Emmanuel Macron paraissait dès lors acculé à réagir, sous peine d’être perçu comme un président impuissant, soumis aux diktats d’Alger, dont l’agenda consiste à imposer ses choix à Paris par une logique de chantage et de menaces à peine voilées.

Mais, ce qui caractérise ce tournant pris par Emmanuel Macron à l’encontre d’Alger c’est qu’il fait ouvertement la distinction entre l’élite gouvernante algérienne, frappée de mesure de sanctions dans sa capacité à se mouvoir, et la population algérienne dont il veut protéger les intérêts en tentant de lui garantir de meilleures conditions de mobilité légale.

Pour Emmanuel Macron, le responsable de la crise entre la France et l’Algérie est clairement désigné: les composantes politiques, économiques et médiatiques du régime algérien, qui bénéficiaient jusqu’ici du privilège d’un passeport diplomatique leur offrant une large liberté de circulation.

«Mais la question qui taraude aujourd’hui tous les esprits est celle de savoir comment Alger va réagir à cette escalade française doublée d’une pression européenne. Fuite en avant vers encore plus de ruptures ou remise en cause de sa stratégie de la terre brûlée avec Paris?»

—  Mustapha Tossa

En comparaison avec d’autres dictatures militaires, la dictature algérienne ne fait pas exception. Le passeport diplomatique est massivement distribué comme un passe-droit à tous ceux que le régime veut récompenser à commencer par les membres des familles de l’élite dirigeante.

Leur imposer un visa pour la France équivaut à une forme de révolution culturelle inédite dans les relations franco-algériennes.

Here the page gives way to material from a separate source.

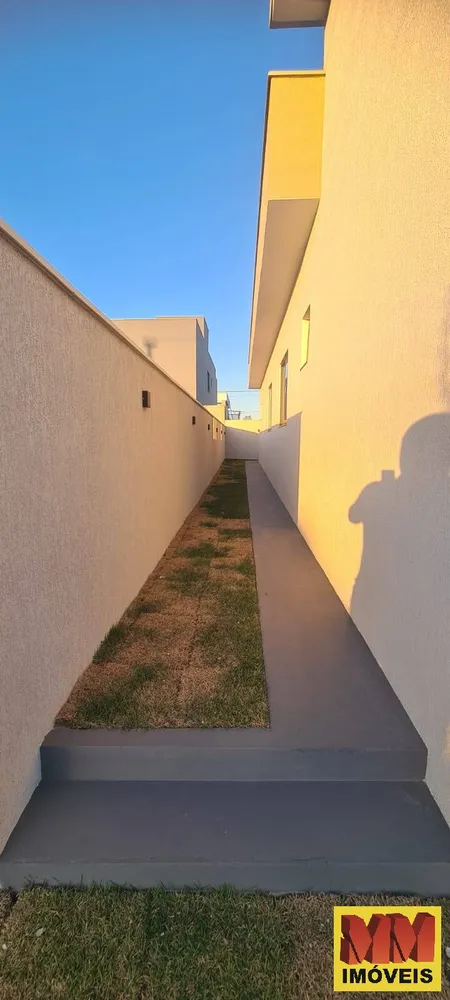 Casa de Condomínio, 3 quartos - Foto 32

D’autant plus qu’il est prouvé que cette élite a réussi au fil des ans à se constituer un véritable patrimoine immobilier et financier sur les bords de la Seine.

Mais le signal le plus dur envoyé par Emmanuel Macron, et qui traduit sa volonté de sanctionner le régime algérien, réside dans l’activation des mécanismes de solidarité européenne afin de tenter de fermer l’ensemble de l’espace Schengen aux dirigeants d’Alger. Reste à savoir si les autres capitales accepteront de suivre Paris dans cette démarche.

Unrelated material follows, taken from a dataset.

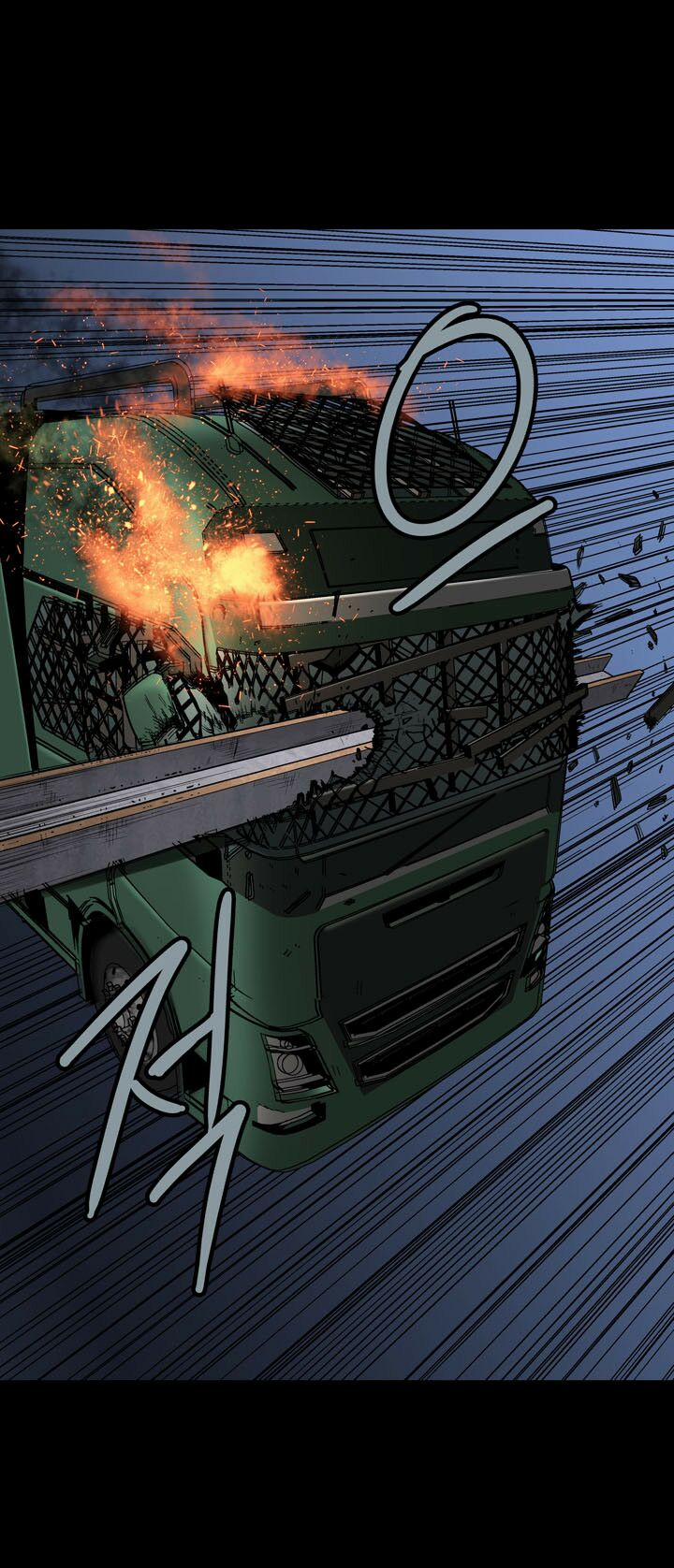 Thảm Họa Ong Độc 70 trang 10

Si cette position française ne fait pas encore l’unanimité, elle a déjà installé un climat de méfiance au sein de l’Union à l’égard du pouvoir algérien. Certains pays pourraient toutefois se montrer réticents, à l’image de l’Italie, qui entretient actuellement des relations particulièrement étroites avec Alger, scellées par des contrats gaziers avantageux et des tarifs préférentiels, dans un contexte de véritable «lune de miel» diplomatique.

Mais la question qui taraude aujourd’hui tous les esprits est celle de savoir comment Alger va réagir à cette escalade française doublée d’une pression européenne. Fuite en avant vers encore plus de ruptures ou remise en cause de sa stratégie de la terre brûlée avec Paris?

Saut dans l’inconnu ou retour forcé au réalisme et au pragmatisme?

Il est absolument certain que le régime algérien, si tétanisé soit-il par cette décision, ne restera pas les bras croisés et ne fera pas comme si de rien n’était.

Le fil de sa relation avec Paris est tellement tendu qu’il ne peut plus se permettre le luxe d’attendre l’échéance de 2027 pour espérer un changement de locataire de l’Élysée et, par conséquent, un changement de politique algérienne de la France.

Le temps presse et l’heure est aux choix cruciaux.